As mentioned above, the goal of this analysis is to pinpoint the sources of performance degradation associated with data references. This is done in three phases.

**Phase 1**. The platform-specific causes of performance degradation are identified. For example, as is true in this study, it may be the case that a high number of L2-cache misses are satisfied by local L3 caches or main memory, rather than by other, local or remote, L2 caches.

**Phase 2.** The concentrated areas of locality of reference are identified. For example, references may be concentrated in the buffer pool.

**Phase 3.** The subroutines, instructions, and/or data structures associated with these areas of locality of reference are identified. For example, a lock variable may be the target of a significant number of these references. (Note that Phase 3 is in progress.)

5.3.1. Phase 1. Figure 3 presents, for both the eightprocessor, i.e., 8-way, and 32-processor, i.e., 32-way, p690, sampled performance monitor event counts that are associated with L2-cache data-load misses. These hit event counts show the distribution of L2-cache data-load misses across the resolution sites of the p690 memory hierarchy. Recall that in this architecture, L2-cache misses can be resolved by a local (on-MCM) L2 cache (L2.5 hit), a remote (off-MCM) L2 cache (L2.75 hit), the local L3 cache (L3 hit), a remote L3 cache (L3.5 hit), or main memory (MEM hit). This data, which is similar for the eight-processor, two-MCM p690 and 32-processor, four-MCM system, identifies the platform-specific causes of performance degradation associated with L2-cache data-load misses, i.e., local L3 caches and main memory dominate as the levels of the p690 memory hierarchy where L2-cache data-load misses are resolved.





**5.3.2.** Phase 2. During Phase 2, the analysis hones in on the concentrated areas of locality of reference. The analysis progresses from a level of the memory hierarchy to a region of the address space, then to segments, pages, and, finally, cache blocks. From cache blocks, the analysis can continue to instructions, data structures, processes, CPUs, etc.

**Regions of the Address Space – Local L3 Caches**: As shown in Figure 3, data-load hits in local L3 caches, rather than hits in either local or remote L2 caches, appear

to be one of the main factors affecting the performance of TPC-C running on the p690. Thus, we first explore the reason for this.
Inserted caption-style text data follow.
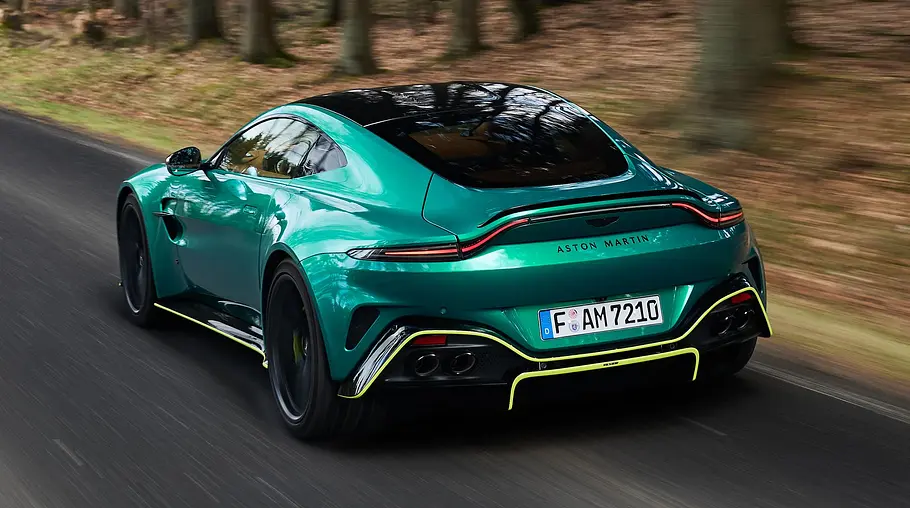 Der fahrende Aston Martin Vantage S in der Heckansicht.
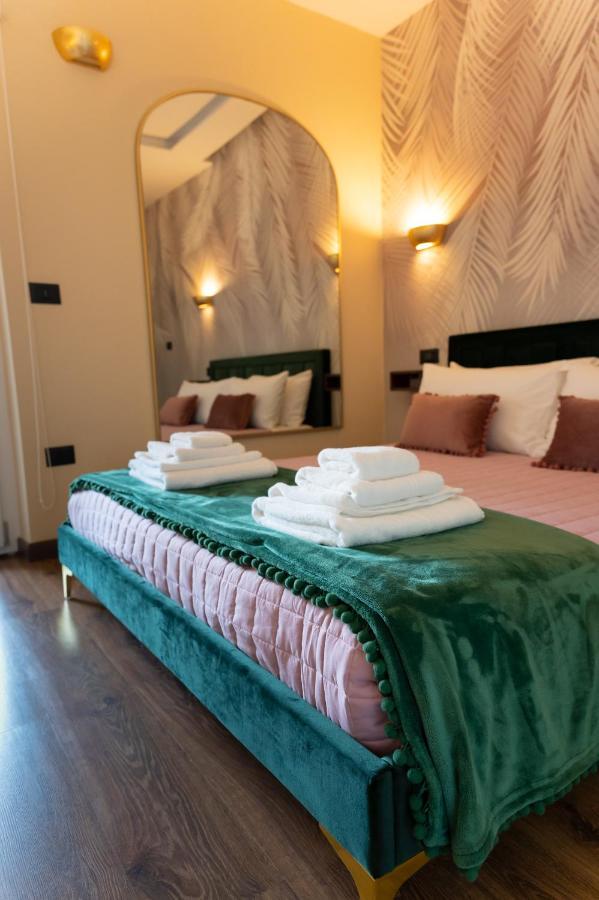 5 Sensi - Vasca Idromassaggio, Terrazzo, Fibra Ultraveloce, Parcheggio Coperto Su Richiesta Hotel Cosenza Eksteriør billede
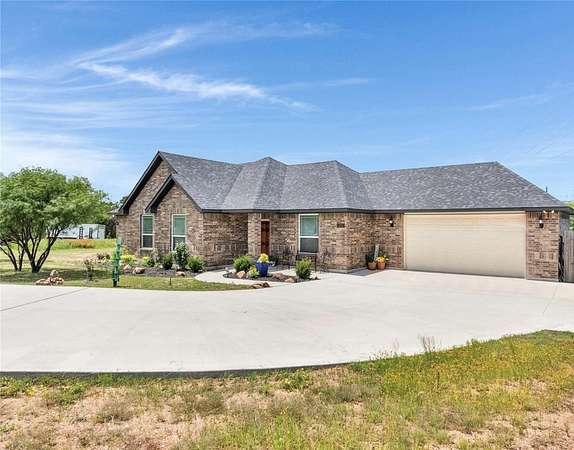 3.87 Acres of Land with Home for Sale in Buchanan Dam, Texas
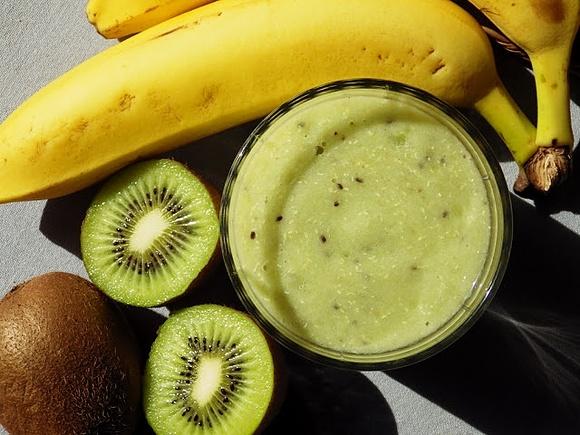 Koktajl quinoa z bananem i kiwi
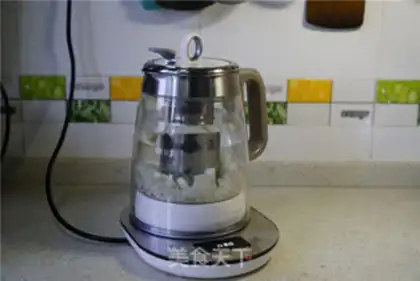 Make Pear tea step 4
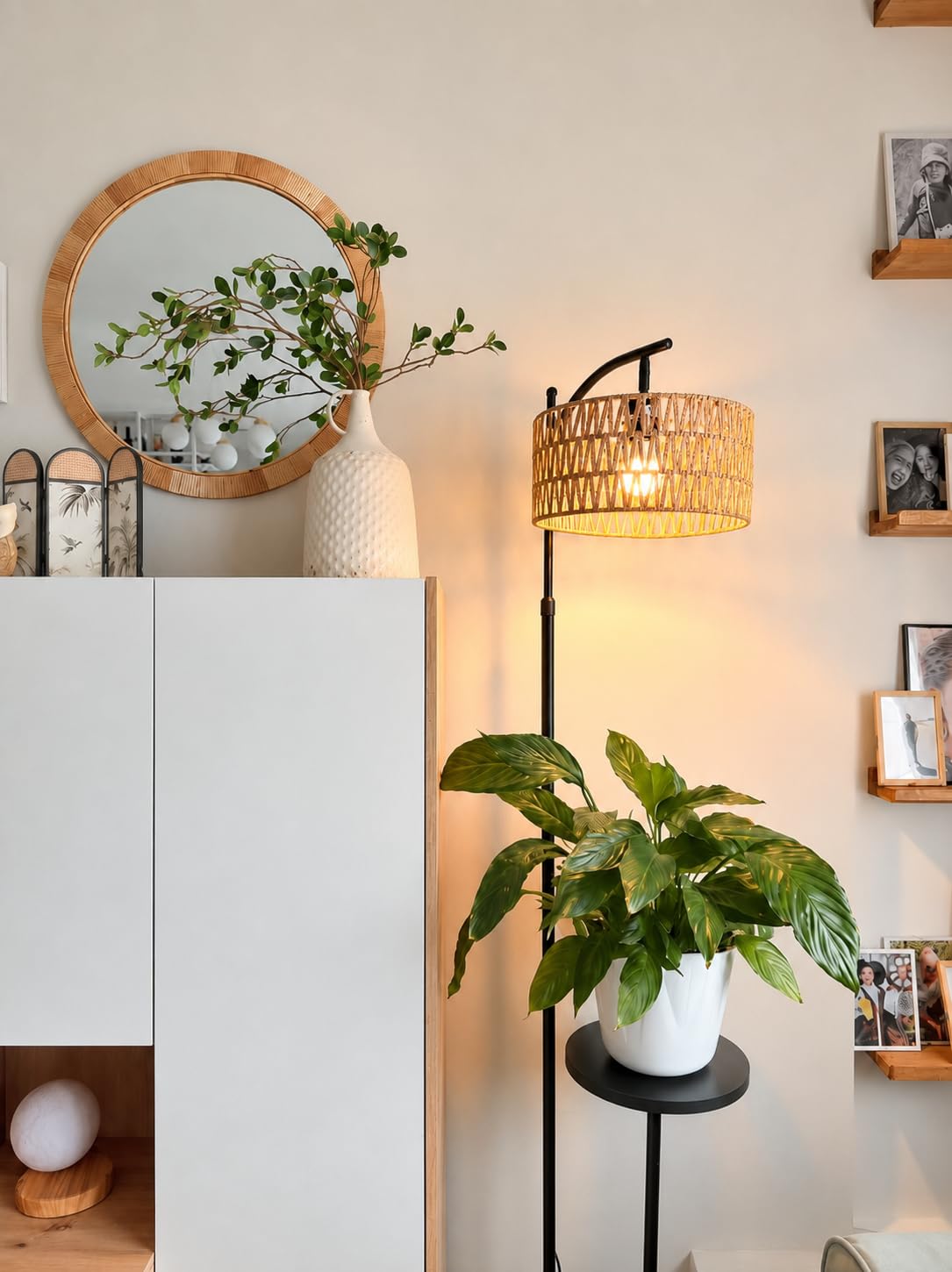 Lampadaire Vintage avec Étagères Noir Métal Rotin Boho Hauteur réglable 152-176cm Douille E27 Câble 2m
Figures 4 and 5 depict, for the eight- and 32processor systems, respectively, the L3-cache hit percentages for the eight most-referenced regions of the TPC-C address space; note that the eight regions are the same for both data sets. Due to errors during the collection of the sampled event traces for the L2-cache data load misses that are resolved in the L3 cache for the 32-processor p690 configuration, the event traces for only 19, rather than 32, processors were successfully collected. As such, the 32-processor data set is based on only 19, rather than 32, event traces. Despite this, the two data sets expose similar data-load behavior in the L3 caches.



Figure 4. Distribution of TPC-C local L3-cache data-load hits across address regions of the eight-processor p690



### Figure 5. Distribution of TPC-C local L3-cache data-load hits across address regions of the 32processor p690 (traces of only 19 CPUs are represented)
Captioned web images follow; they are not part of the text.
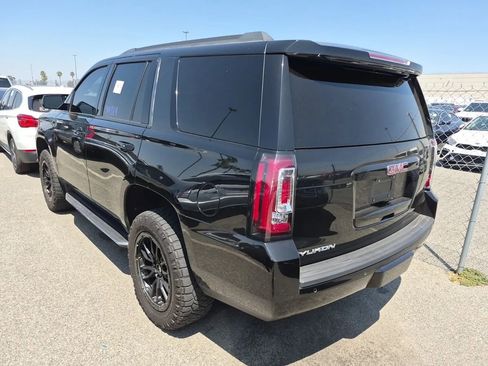 Used 2017 GMC Yukon SLT RWD image 2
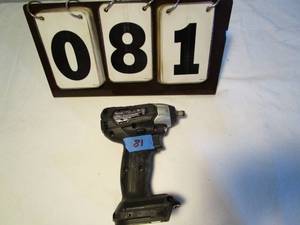 Makita 18V LXT 38 Sub-compact Impact Wrench - tool only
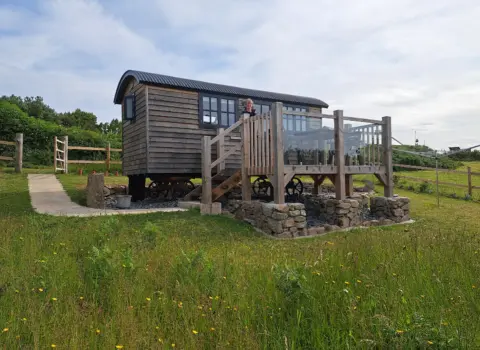 Peraskin, Luxury Shepherd’s Hut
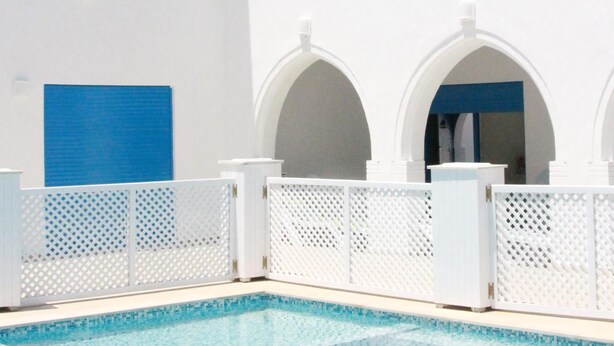 A white building with blue accents and a swimming pool. - VILLA FAMILYA (Djerba Midoun Tezdaine) (DJERBA MIDOUN TEZDAINE)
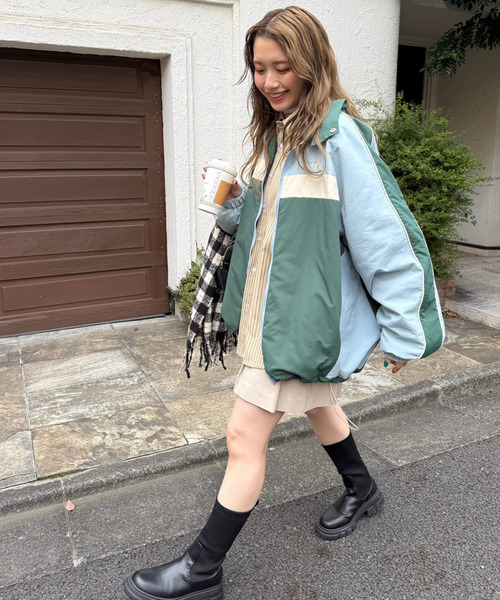 DOUBLE NAME(ダブルネーム)の「ワンポイント刺しゅう配色中綿ブルゾン(ブルゾン・レディース・ブルー系/ブラック系・FREE)」の11枚目の写真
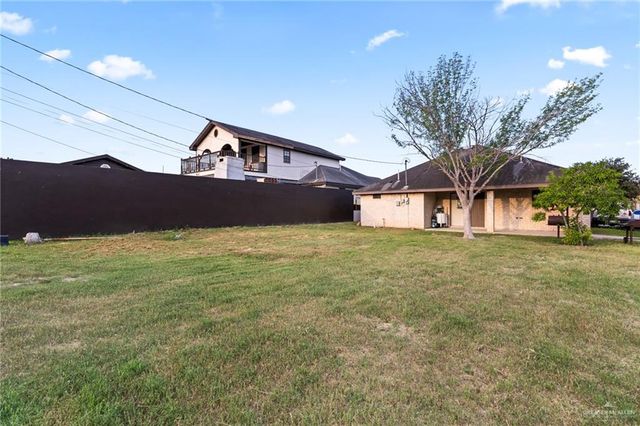 631 Toppenish Street, Rio Grande City, TX 78582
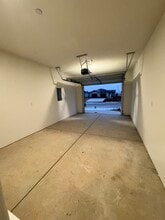 6006 Cougar Trl in Bakersfield, CA - Foto de edificio - Building Photo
The light-colored *Hit\_% bar* for a region is calculated by dividing the number of references to the region by the total number of references to the level of the memory hierarchy under study, in this case, local L3 caches. By examining the region Hit\_% bars, we see that for both the eight- and 32-processor systems the Data,BSS,Heap and buffer pool regions clearly are the hardest hit at this level of the hierarchy.

A region's dark-colored bar, the *Unique\_cache\_line* bar, indicates the number of unique cache lines referenced in the region; it gives an idea of the density of the data loads, i.e., the locality of reference, for the region. In order to determine the cache block that is accessed by a particular data address, the address is partitioned into a tag, index, and offset using the L3 cache configuration, i.e., a 128MB eight-way associative cache with 512B blocks/lines, i.e., four 128B sectors. (Note that the L2-cache line size is 128B.)
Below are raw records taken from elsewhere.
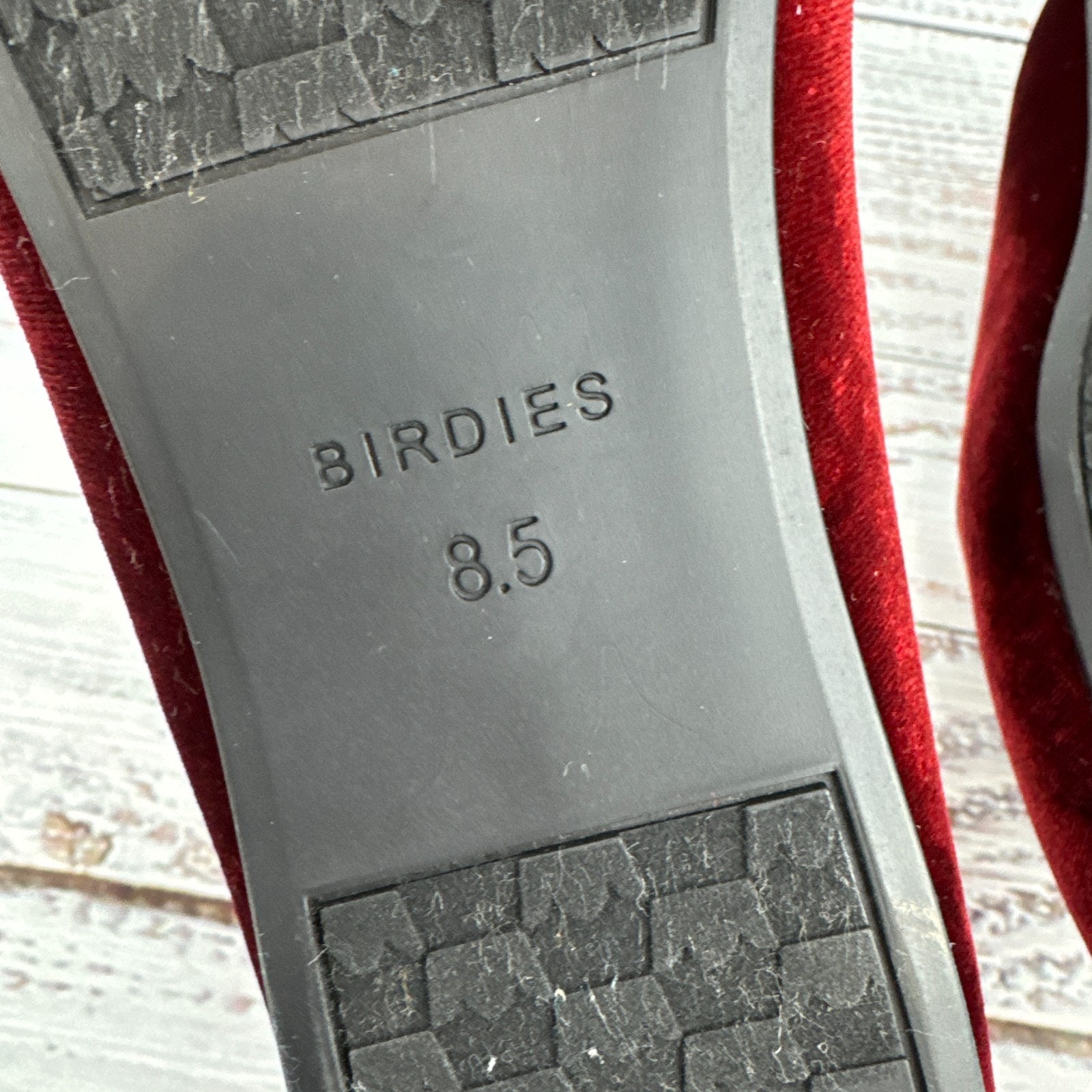 Birdies The Heron Womens 8.5 Slip On Flats Garnet Red Velvet — image 8 of 8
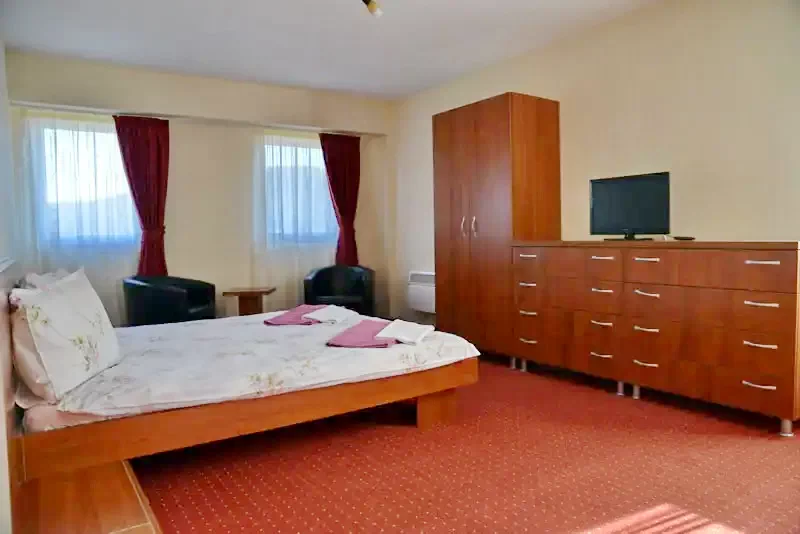 Nyárádszereda Szállás | Motel (K1411-5) A kép szerzői jogvédelem alatt állhat. Javasolt a kapcsolatfelvétel a jog tulajdonossal.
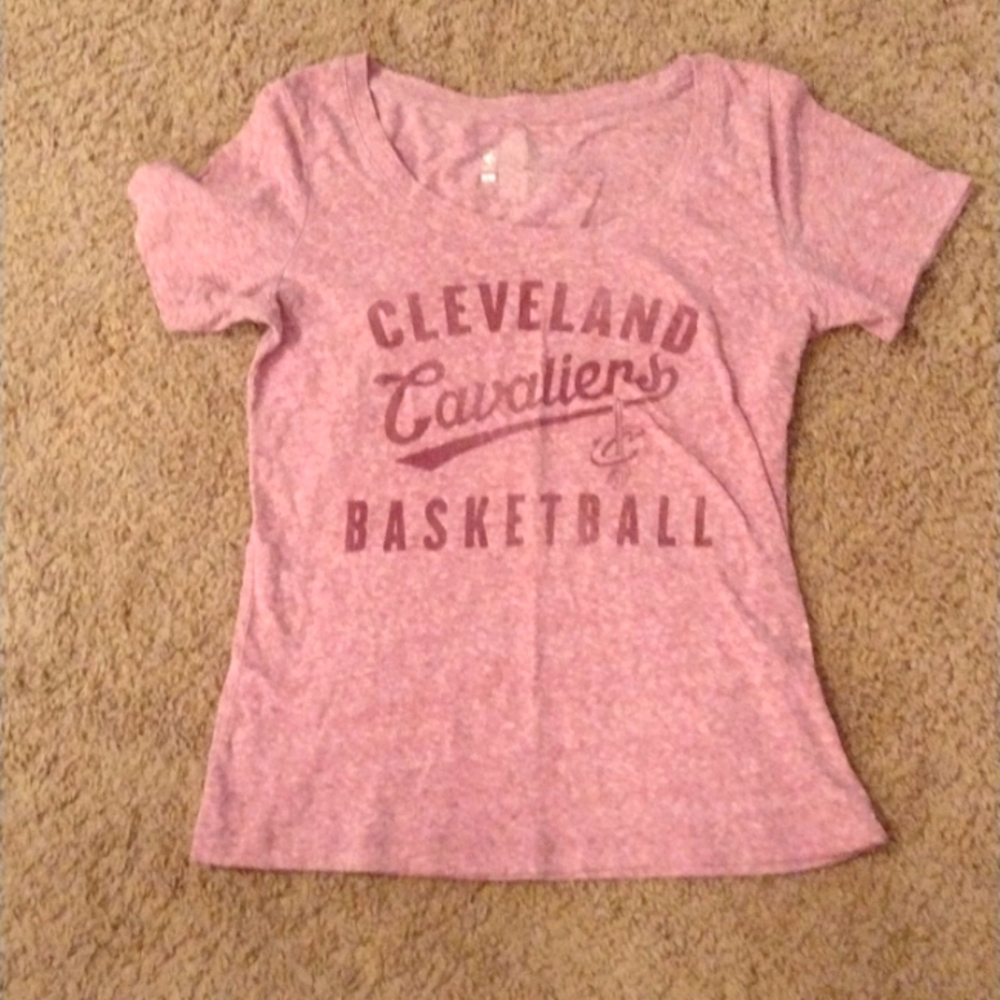 Women's Large Cleveland Cavaliers T-Shirt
With respect to locality of reference, four of the eight regions, M-BUF, Buffer Pool, Text, and Kernel exhibit the same behavior in both systems and all exhibit good locality of reference. For example, for both systems the Unique\_cache\_line bar for the buffer pool region is a relatively small portion (less than one-third) of the size of its corresponding Hit\_% bar. This indicates that a majority of the local L3-cache hits associated with the buffer pool reference a relatively small number of cache lines and, thus, exhibit relatively good locality of reference.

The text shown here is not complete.